> _What you should do_:
What you return should match the entries below exactly, only without the images.

*** Opening of Working data ***

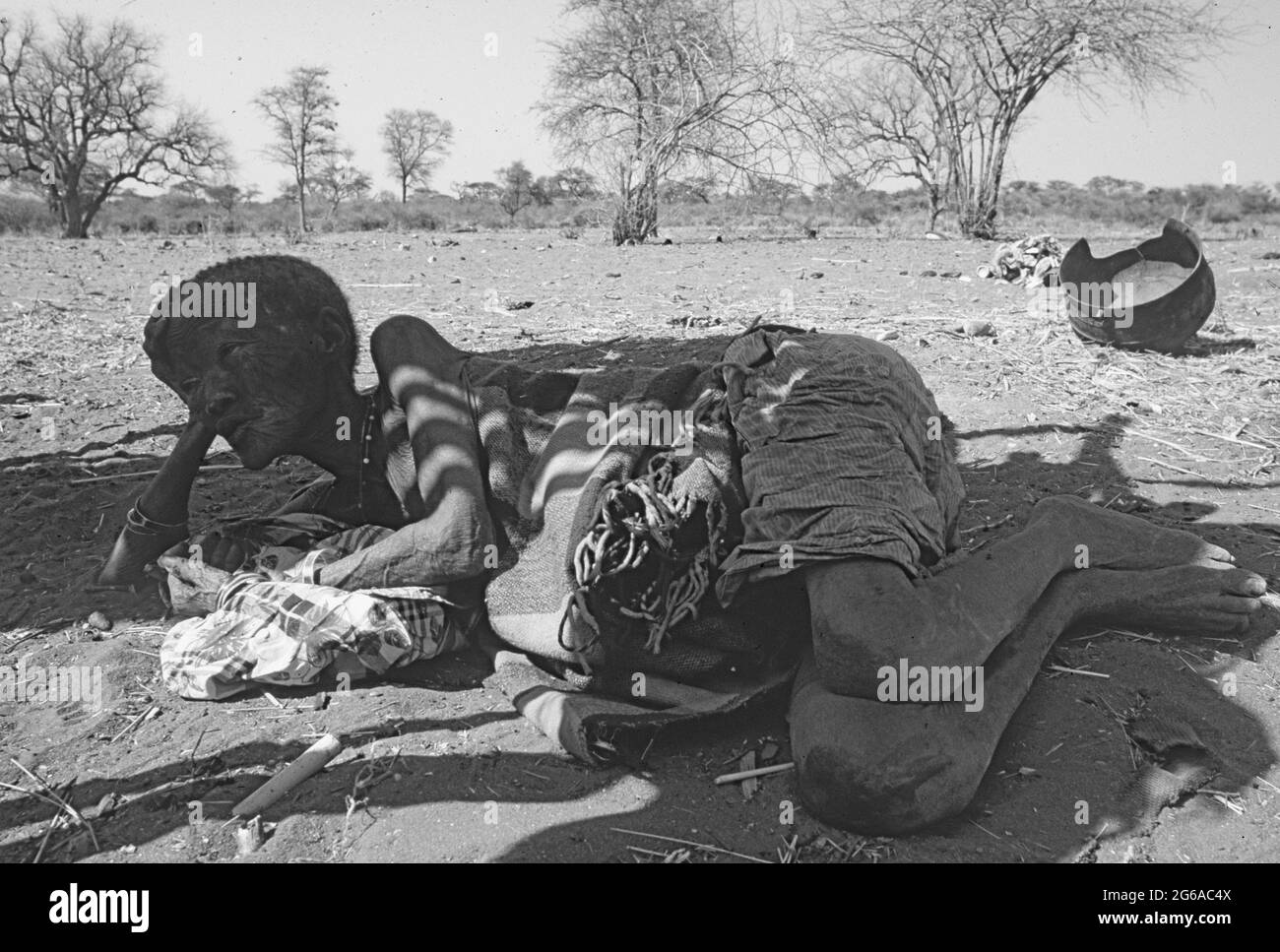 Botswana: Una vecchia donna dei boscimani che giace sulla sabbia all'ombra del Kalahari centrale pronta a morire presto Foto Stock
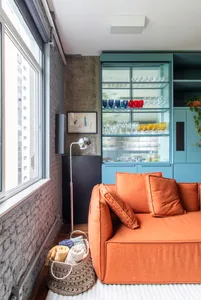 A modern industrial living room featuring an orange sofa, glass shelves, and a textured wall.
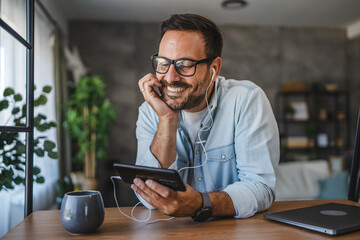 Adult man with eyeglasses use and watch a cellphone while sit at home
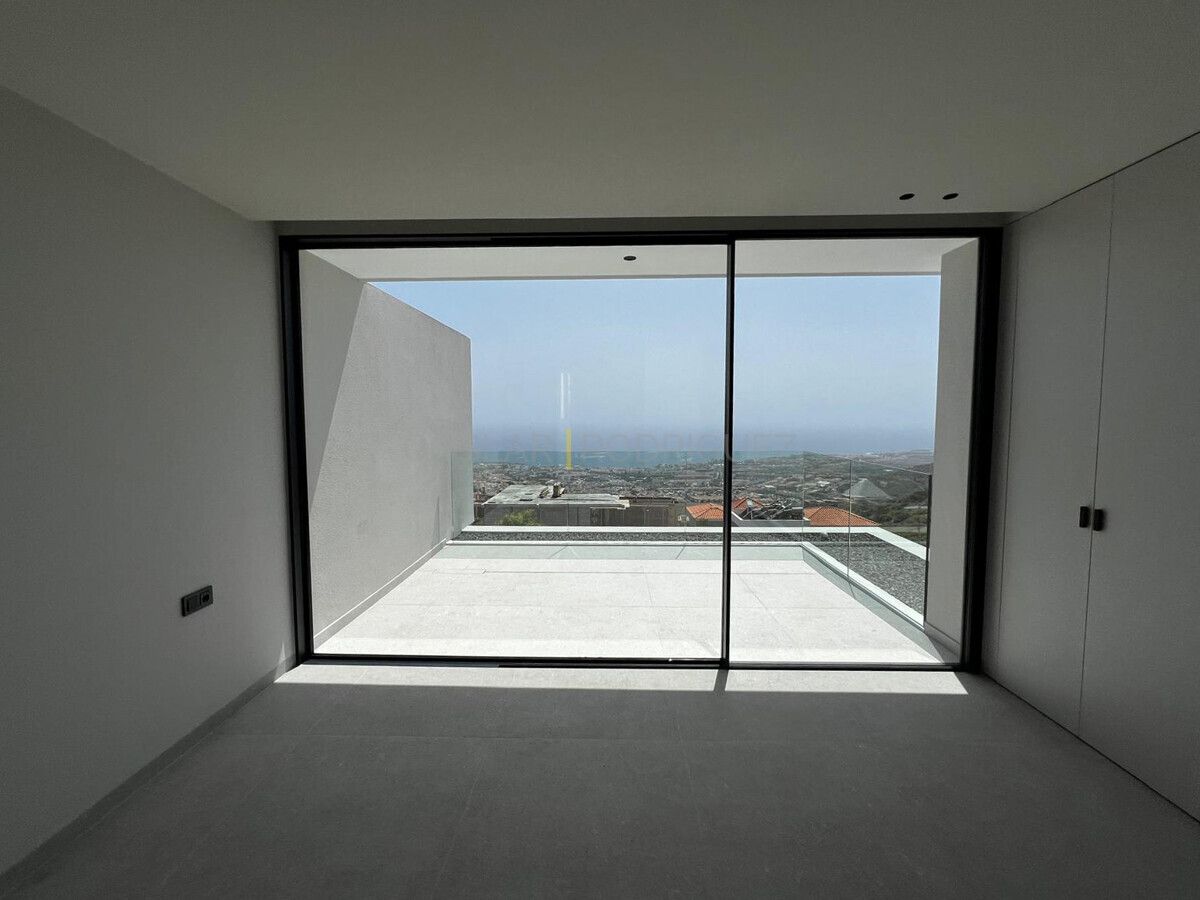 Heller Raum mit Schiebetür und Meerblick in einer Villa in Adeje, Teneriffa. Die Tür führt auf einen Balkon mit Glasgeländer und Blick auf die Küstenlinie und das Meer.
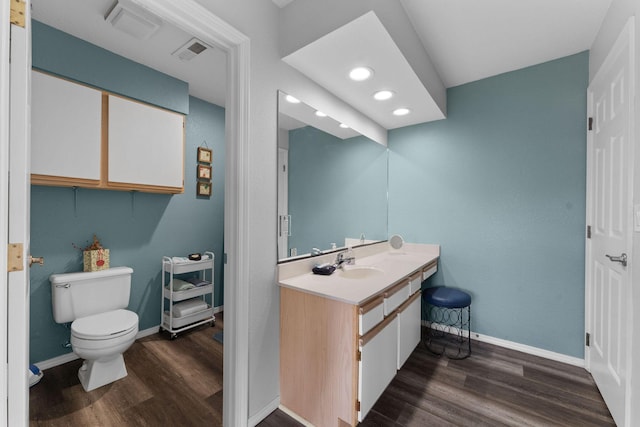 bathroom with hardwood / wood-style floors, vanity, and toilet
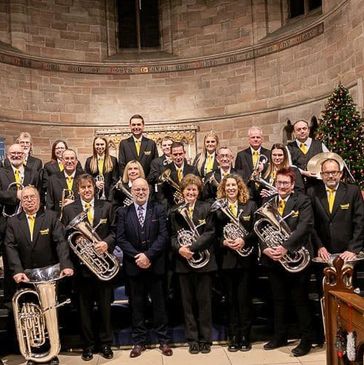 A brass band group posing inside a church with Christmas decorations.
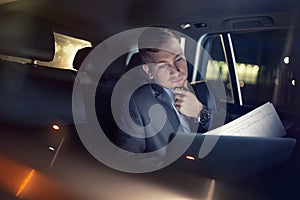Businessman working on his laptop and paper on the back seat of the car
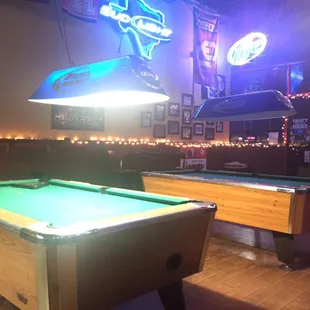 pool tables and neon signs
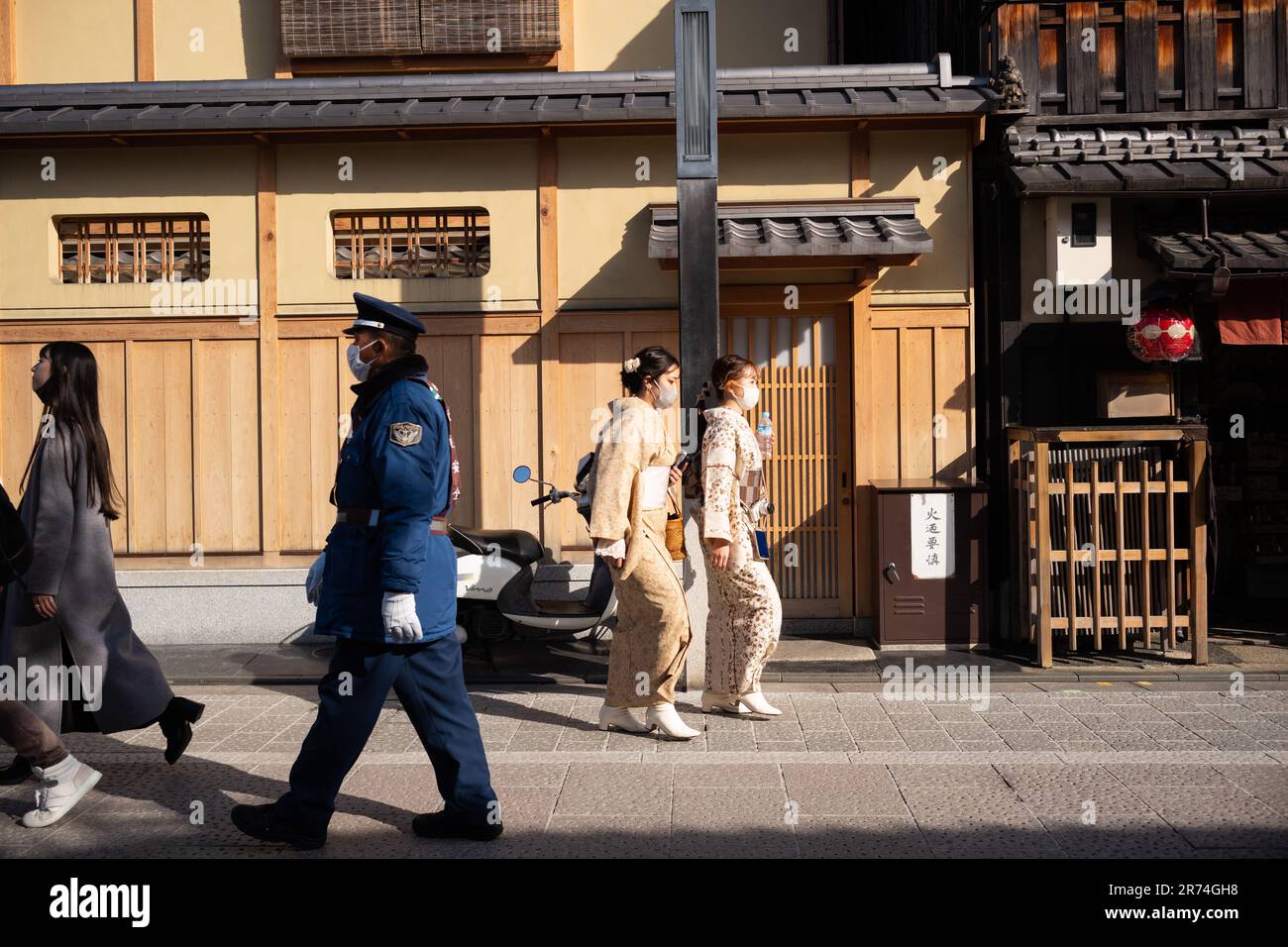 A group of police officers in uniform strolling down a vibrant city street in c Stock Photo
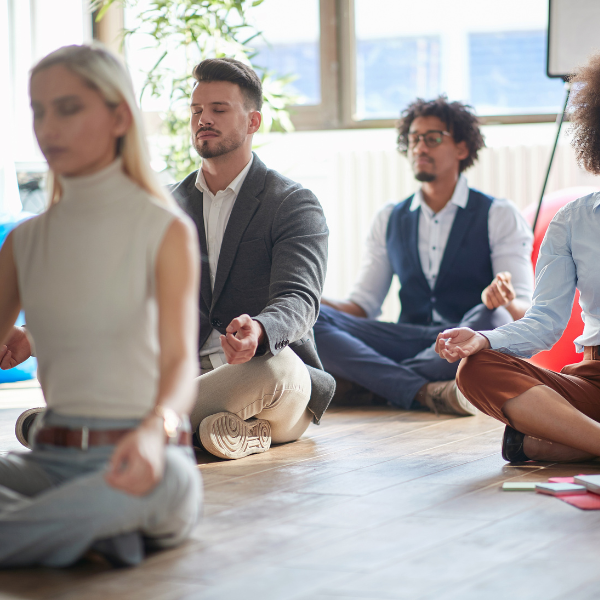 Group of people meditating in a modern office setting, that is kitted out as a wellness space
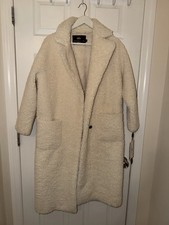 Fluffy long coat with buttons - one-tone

*** Close of Working data ***

> _Solution to this task_:
 Botswana: Una vecchia donna dei boscimani che giace sulla sabbia all'ombra del Kalahari centrale pronta a morire presto Foto Stock
 A modern industrial living room featuring an orange sofa, glass shelves, and a textured wall.
 Adult man with eyeglasses use and watch a cellphone while sit at home
 Heller Raum mit Schiebetür und Meerblick in einer Villa in Adeje, Teneriffa. Die Tür führt auf einen Balkon mit Glasgeländer und Blick auf die Küstenlinie und das Meer.
 bathroom with hardwood / wood-style floors, vanity, and toilet
 A brass band group posing inside a church with Christmas decorations.
Businessman working on his laptop and paper on the back seat of the car
 pool tables and neon signs
 A group of police officers in uniform strolling down a vibrant city street in c Stock Photo
 Group of people meditating in a modern office setting, that is kitted out as a wellness space
 Fluffy long coat with buttons - one-tone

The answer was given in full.